There's a slight smugness about Irish comedian Andrew Maxwell that might prove an obstacle to laughs if he weren't so witty. As it is, Maxwell's tales of performing in front of Loyalist and Republican crowds in Belfast, of doing a gig in a prison and of being Irish in America are very, very funny. He has a great turn of phrase and a mastery of accents that makes his stories very involving. It's not entirely clear where the title of his show comes from - the story in which he wanders around a spooky derelict theatre with a cockney security guard is one of the few that doesn't seem to go anywhere - but the underlying message of the show seems to be that we should all be nice to one another.

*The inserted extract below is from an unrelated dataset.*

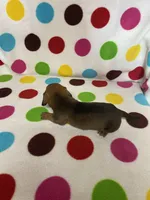 processed/7fefcf96-de13-4ea9-99af-06f772236746/listing/6755767a-7247-4e2f-a244-3f743e6242e5/5b262466-8241-4197-bb45-38249a086ce5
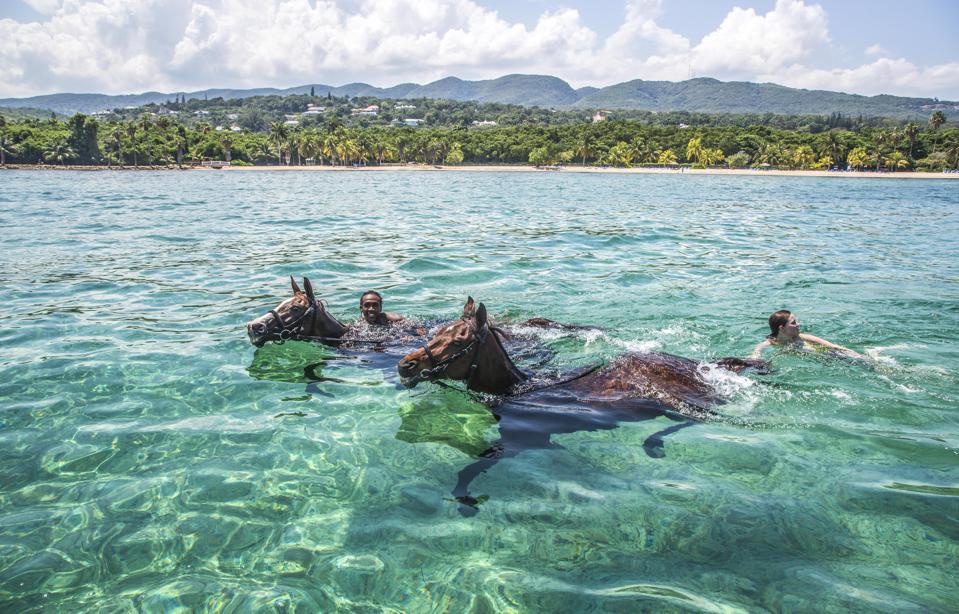 two people swim with horses in the clear, blue Caribbean sea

The evening starts with a meditation on young men having to be "fierce" and the perception that violence is everywhere. In one of the funniest moments of the show he suggests that restrictions on knives are pointless because if people really want to do violence to someone they could use a fork or a spoon. In a perfect impersonation of street bravado he says, "You carry the spoon you have to use the spoon".

It's when Maxwell himself enters the frame that the smugness creeps in. He makes a great play of not being self-important about what he is doing, while stressing just how terrifying it is to be hanging out with a group of Loyalists: in other words he is incredibly brave and daring. It doesn't quite ring true, and while the hint of piety doesn't detract from the skill of his delivery or the intelligence of some of his observations, it has a distancing effect. The show ends with the suggestion that we should make each other laugh rather than resorting to violence - a fine sentiment; but for it to work we would all have to be as funny as Andrew Maxwell.